I wrote a main report that extracts all events (let's call them events A,B,C,D) from the last 30 days and do some manipulations for fields.
And then i wrote 5 reports that filter the main saved report by events type and get only the relevant fields for each event:
For example- the report for event A contain all fields relevant for event A,
report for event B contains all fields relevant for event B and etc.
My dashboard contains 5 tabs, one for each event (tab 1 for report A, tab 2 for report B,..), and triggers the relevant saved search report (reports A/B/C,..)
Problems- all the reports run very slow
My questions:
1. How to read only delta data each time? i mean, how to not read 30 days each time at once, if the query was already run today and i execute it one more time it should read only new data and use the history data that have already read in the previous run.

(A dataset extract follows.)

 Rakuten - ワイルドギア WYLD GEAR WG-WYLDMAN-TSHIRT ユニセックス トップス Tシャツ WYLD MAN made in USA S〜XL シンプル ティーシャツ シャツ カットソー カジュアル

2. i read a bit about summary index. my reports extract all fields and not aggregate data. how to create my 6 reports (main+5 others) with summary index? As i said, - i use table command and not functions like top,count,.. in my query (my reports just extract relevant fields with some naming manipulations)
* in case that you would recommend to use summary index i will appreciate if you could provide me example code, because i have 6 reports and not sure how work with summary index
thanks,
Maayan
Hi @maayan,
yes the solutions could be summary indexes or data models.

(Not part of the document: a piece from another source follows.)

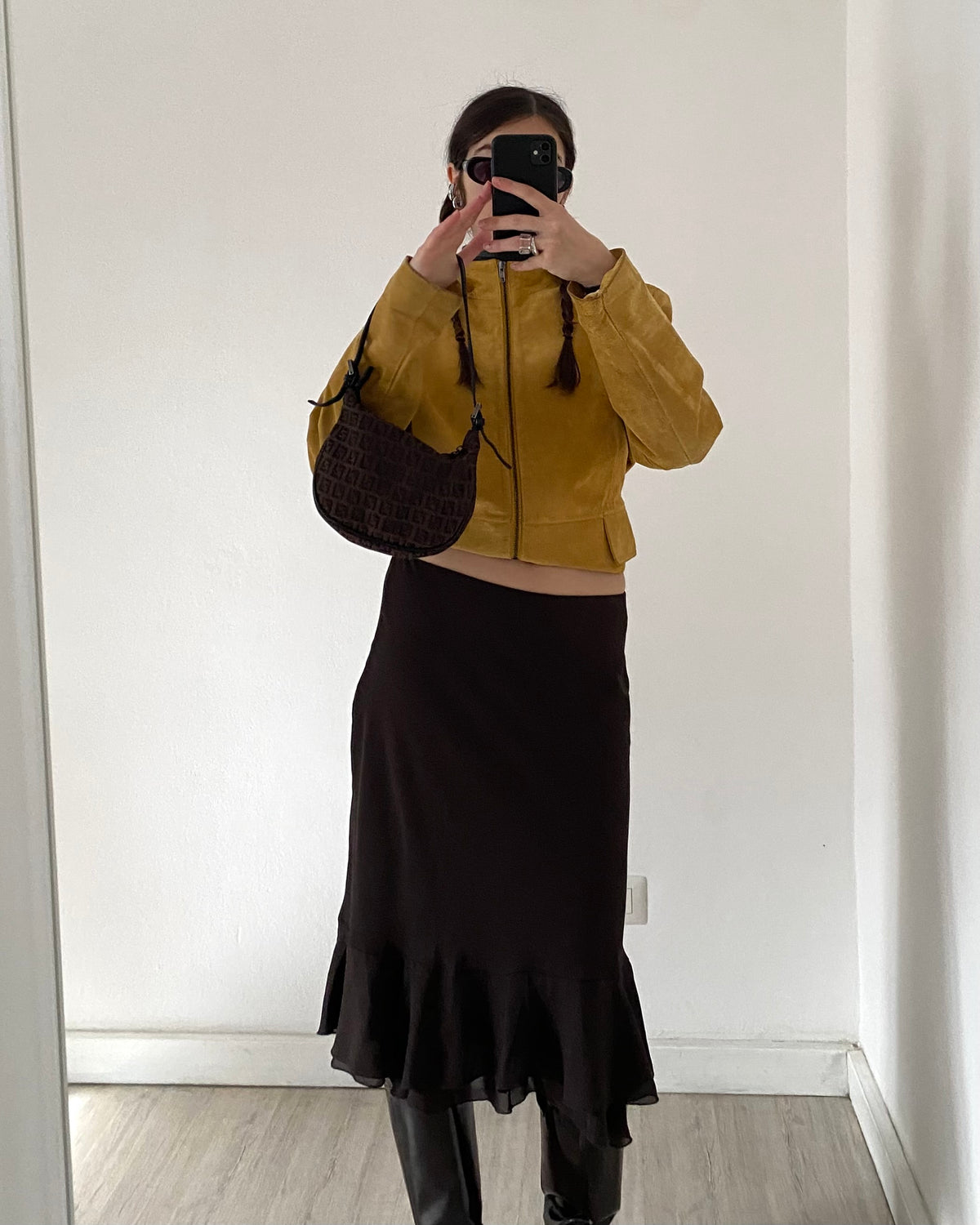 Senape suede jacket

In bothe cases, you have to schedule a search, e.g. for report 1:
index=index1
| table _time field 1 field2, field3
| collect index=summary1
the frequency dependa on your requirements.

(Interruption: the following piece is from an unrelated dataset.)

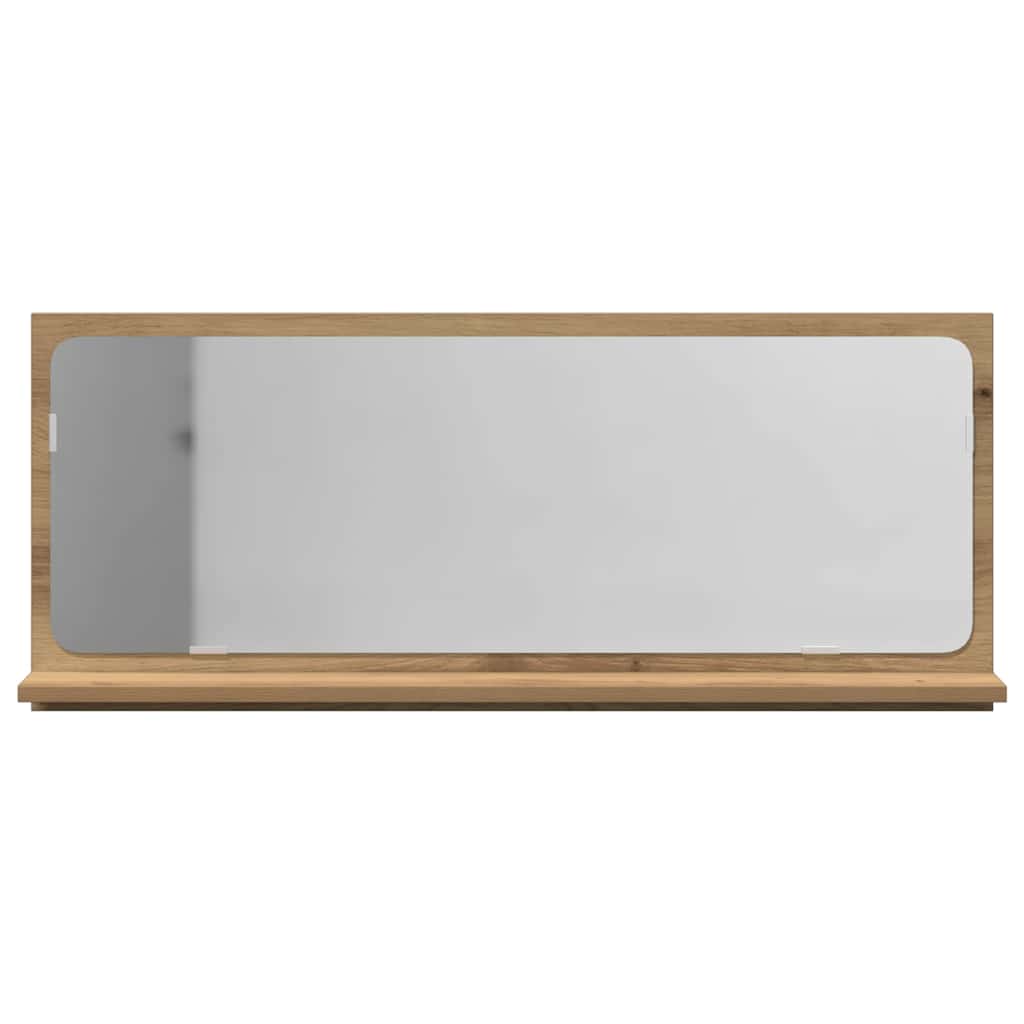 vidaXL Spiegelablage Artisan-Eiche 90 x 10,5 x 37 cm Holzwerkstoff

then you can run a search on this index, e.g. calculate sum of field 2 for each field1:
index=summary1
| stats sum(field2) AS field2_sum BY field1
Ciao.
Giuseppe
ok, I will try,thanks!
And regarding my first question, is it something that I can do in Splunk? (read delta data)
And which method do you recommend to use in my case? data model or summary index?
thanks
Hi, i tried to implement the summary index as you suggested but i had a problem to extract the original fields from the main query. i read that i might use stats and stats. i posted a new post. maybe you can help. thanks
Hi @maayan,
yes, you can calculate delta, global and partial sum, etc...
the main job is building the scheduled search to extract the requested data.
in my opinion, I'd use summary index, scheduling the population search with the frequency you need (e.g. every month or every night.
Ciao.
Giuseppe
Thanks Gcusello!
Can you explain more about: "you can calculate delta, global and partial sum, etc..." ?
I didn't find documentation and also asked in other communities and nobody knows.
Hi @maayan,
it all depends on the data you have (that I don't know), so e.g. if field1 is the hostname and field2 is the CPU utilization, you save with the scheduled search the CPU utilization min, max and avg day by day.
index=index1
| stats
min(CPU) AS min_CPU
max(CPU) AS max_CPU
avg(CPU) AS avg_CPU
BY host
| collect index=summary1
then you can calculate (using the normal commands as stats or timechart) the max, the avg and the min in a month
index=summary1
| stats
min(min_CPU) AS min_CPU
max(max_CPU) AS max_CPU
avg(avg_CPU) AS avg_CPU
BY host
As I said, it depends on the data that you added to you summary index.
Ciao.
Giuseppe